Pictures speak louder than words and word cannot describe day 3 too adequately.
At this point we reached Laguna Verde and the Licancubur volcano (above video), which towered over 6000 m above sea level. It was copper this time that gave the lake is resonant colour. As our final stop before two of the Brazilian guys headed off across the boarder into the Atacama we had a group shot and reminisced what a good trip we had all had.
So, next we had to drive to the boarder through sand banks and stopping for the oncoming trucks that were belting down the sand roads trailing grit and and intense sandy dust that rcked the jeep with each one that we met. After saying our goodbyes and having a sandy loo stop we headed back homeward bound. We thought we were picking up other people to taxi them back to Uyunni, but this never naterialised. Instead we could stretch out and Laura and the French guy, Gerard, fell asleap. I was left looking at the other sides of the mountains that we had seen on the way down, as we took a slightly different, more direct route. I cracked open the Coca and chewed away with a dull fuzzy head with lack of sleep and slightly drained by the heat of the now midday sun.
We past Dali´s desert again where I requested a stop for a better picture and then we continued on for 3 hours this time until we reached our second to last stop, Valle de Roche. Another set of volcanic rocks that had been sculpted into strange shapes, some “recognisable” as faces and animals. We had seen a few of these now, but to think that clusters of them exist in the middle of a massive of expanse of desert we continually tried to appreciate.
Our camera battery finally died after taking all the necessary pictures of the last stop and so we just sat back and enjoyed the view of the passing change fo scenery, which becomes gradually more water baring the more north we travelled. We passed a smaller salar, where trucks were carving up the land to send to people´s dinner tables. Dust devils continued to swirl up and seemingly are attracted to the heat of the roads as they seem to like crossing them playfully. One even crossed literally 2 meters in front of us, as the driver rubbed his cross once more.
We stopped for our final lunch, which was another surprise. Corned beef. The Brazilian had never tried it and so we recounted its part of English history. It was a good meal, probably because we had a meal for 6 to share between the 4 of us.
We rocked around up and over a section of the Andes surrounded by “punk plants”, tufts of grass that looked like a punk had been buried upto its hair. These extended as far as the eye could see until we started heading back down into the valley, where we crossed our first flowing body of water in 3 days. I finally managed to sleep, as we all did until the 4 hours passed that took us back to Uyuni.

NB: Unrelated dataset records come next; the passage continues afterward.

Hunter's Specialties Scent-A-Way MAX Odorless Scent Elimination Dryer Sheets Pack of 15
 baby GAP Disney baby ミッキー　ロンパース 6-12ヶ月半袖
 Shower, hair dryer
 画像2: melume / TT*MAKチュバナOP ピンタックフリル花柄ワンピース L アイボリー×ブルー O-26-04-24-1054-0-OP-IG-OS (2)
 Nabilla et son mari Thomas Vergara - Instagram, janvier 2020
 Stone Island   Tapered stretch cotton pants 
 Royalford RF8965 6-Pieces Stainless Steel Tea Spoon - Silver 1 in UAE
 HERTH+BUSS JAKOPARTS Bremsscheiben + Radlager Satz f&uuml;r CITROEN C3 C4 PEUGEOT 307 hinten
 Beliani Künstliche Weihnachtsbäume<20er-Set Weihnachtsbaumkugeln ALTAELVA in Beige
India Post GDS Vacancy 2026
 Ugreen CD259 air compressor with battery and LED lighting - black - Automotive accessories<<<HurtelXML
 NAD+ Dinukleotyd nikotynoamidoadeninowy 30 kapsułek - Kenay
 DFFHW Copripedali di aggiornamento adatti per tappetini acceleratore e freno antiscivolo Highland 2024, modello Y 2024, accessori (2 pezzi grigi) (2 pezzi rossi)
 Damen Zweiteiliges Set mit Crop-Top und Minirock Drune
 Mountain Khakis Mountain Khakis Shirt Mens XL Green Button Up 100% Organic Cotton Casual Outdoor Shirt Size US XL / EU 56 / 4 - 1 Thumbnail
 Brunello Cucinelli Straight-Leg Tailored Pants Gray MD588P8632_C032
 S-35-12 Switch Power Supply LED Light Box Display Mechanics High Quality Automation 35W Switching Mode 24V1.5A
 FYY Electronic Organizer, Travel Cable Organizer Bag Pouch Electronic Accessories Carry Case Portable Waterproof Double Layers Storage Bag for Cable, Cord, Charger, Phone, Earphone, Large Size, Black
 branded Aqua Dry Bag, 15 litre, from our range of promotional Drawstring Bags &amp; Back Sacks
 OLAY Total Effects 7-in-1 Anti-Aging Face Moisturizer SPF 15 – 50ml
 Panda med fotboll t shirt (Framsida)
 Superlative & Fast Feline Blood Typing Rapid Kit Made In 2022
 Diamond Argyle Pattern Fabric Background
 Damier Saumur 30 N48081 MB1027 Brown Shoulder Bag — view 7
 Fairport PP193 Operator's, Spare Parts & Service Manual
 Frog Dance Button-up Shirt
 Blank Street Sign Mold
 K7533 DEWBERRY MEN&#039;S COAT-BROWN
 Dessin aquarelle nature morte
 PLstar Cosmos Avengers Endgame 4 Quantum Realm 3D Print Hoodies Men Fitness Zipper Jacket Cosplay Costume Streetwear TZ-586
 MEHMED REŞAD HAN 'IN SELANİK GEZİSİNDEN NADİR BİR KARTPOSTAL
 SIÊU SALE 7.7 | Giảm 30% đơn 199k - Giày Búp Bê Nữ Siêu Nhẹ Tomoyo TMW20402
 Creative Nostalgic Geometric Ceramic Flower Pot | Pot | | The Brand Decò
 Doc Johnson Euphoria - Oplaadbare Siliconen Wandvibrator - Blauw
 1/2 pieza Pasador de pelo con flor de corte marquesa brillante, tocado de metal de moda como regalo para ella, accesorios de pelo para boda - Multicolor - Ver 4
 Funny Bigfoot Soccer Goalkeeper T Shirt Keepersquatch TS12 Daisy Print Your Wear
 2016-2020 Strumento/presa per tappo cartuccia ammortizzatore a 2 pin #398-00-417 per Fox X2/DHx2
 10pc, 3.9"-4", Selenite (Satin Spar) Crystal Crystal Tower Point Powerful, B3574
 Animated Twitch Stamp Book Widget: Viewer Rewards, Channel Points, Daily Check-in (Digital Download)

Dry, exhaused and really needing the loo we all collected our bags and it was then that Laura and I realised that our bus was at 7pm and not 7:30. It was 6:10pm now and we needed food. A quick pit stop in the vans that lined the central reservation where all the bus companies operated and we were suddenly on “new place mode”. Ejected out of a surreal journey packed with “firsts” and constant amazement and then onto a bus to Sucre. We had some remains of snacks from our tour and so were happy we had supplies, but when we got on the bus tghe front row seats we secured because of past experience that this had the most leg room was unfounded on this bus. Instead we had really loud Bolivians to content with, who have no concept of what level their volume needs to be when the lights are turned off.